イギリスやアメリカには、何人か同じような系統の人がいるけれども・・・今回はパトリック・シールについて。

イギリスの新聞のObituaryは格調高く、胸を打つものが多い。ガーディアンと(系列の日曜紙)オブザーバーに、同じ筆者が二つ書き分けているので、まずこれらを見てみよう。パトリック・シールはもともとオブザーバー紙の中東特派員だった。

まず彼の生まれ。オブザーバーの方では簡潔にこう書かれている。

Seale was born in Belfast in May 1930 but spent the first 15 years of his life in Syria, where his father Morris was a Christian missionary. He became irredeemably fascinated by the Levant.

北アイルランドのベルファスト生まれ。父が宣教師で赴いたレバント地方(シリアやレバノン)で幼少期を過ごした。

これらは重要な情報ですね。欧米の、年配世代の中東専門家は、第一次大戦後に植民地となったシリア・レバノンに出向いた宣教師や植民地行政官の子息が多い。小さいうちにアラビア語を身に着けつつ、欧米のエリート社会に根っこを持つ。エリート社会の生まれと言っても、本国に残って安楽な生活をするのではなく、冒険心や宣教意欲などが活発な、活動的な人の家庭で育ったということも、人格に影響を与えているだろう。

ガーディアンにはもっと踏み込んで来歴が書いてある。

Born in Belfast, Patrick was the son of Reine Attal, a midwife of Tunisian-Italian origin, and the Arabist and biblical scholar Morris Seale.

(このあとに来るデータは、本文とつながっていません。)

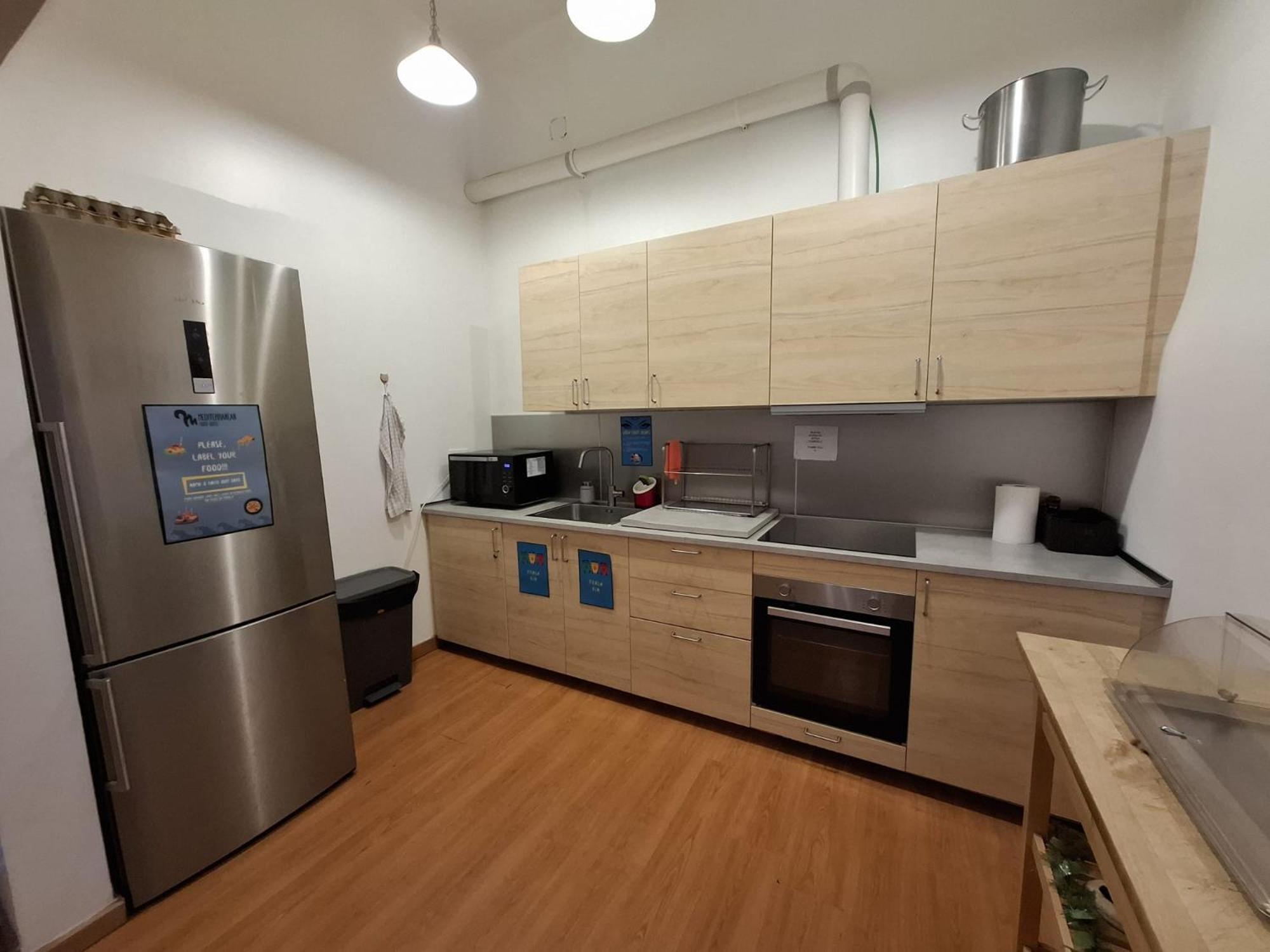 Mediterranean Hostel Барселона Екстер'єр фото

Shortly after his birth the family moved to Syria, where for 20 years they ran the Irish Presbyterian mission. Patrick grew up between the Old City of Damascus and the mountain village of Bloudan, places and people in a landscape that would forever entrance him during the final years of Syria’s deeply resented French Mandate rule.

お父さんは宣教師だったが、お母さんにももともと北アフリカの血が入っていたのですね。単にシリア・レバノンで育っただけでなく、チュニジア人とイタリア人の混血という、当時はごく普通でもあった地中海世界を横断して行き来する人の流れと、母を通じてつながっている。当然、視野は地中海世界全体、アラブ世界全体に広がるだろう。

また、お父さんが宣教師でありつつアラビスト・聖書研究者であったとも書かれている。学者肌の人だったんですね。

また、北アイルランド生まれだけど、プロテスタント、というところも意味深い。北アイルランドの複雑で緊張した社会の中で、もともとが支配する側だったんですね。もちろんどういう経緯で父がアイルランドに住んでいたのかは分からないけれども。

カトリックとプロテスタントの紛争の最前線に生まれたともいえる。それがパトリックが生まれてすぐ家族でシリアに移住し、(カソリックの)フランスの支配の下にあったシリアでプロテスタントの宣教活動に従事している。今度は英仏の植民地競争の最前線に移ったわけだ。大戦と、宗派紛争や民族独立闘争も目にしているだろう。

ここまでが出自で、十分に劇的ですが、その後の人生はもっと陰影に富む。

例えば、キム・フィルビーとの関係。

In the early 1960s, he worked in Beirut as a freelance contributor to the Economist and the Observer. That paper’s Middle East correspondent, based in the city, was Seale’s friend Kim Philby, the British agent shared by MI6 and the KGB. Seale’s break came in 1963 when Philby fled to Moscow. Seale was awarded the Observer posting, though did not use it as cover for being an MI6 operative.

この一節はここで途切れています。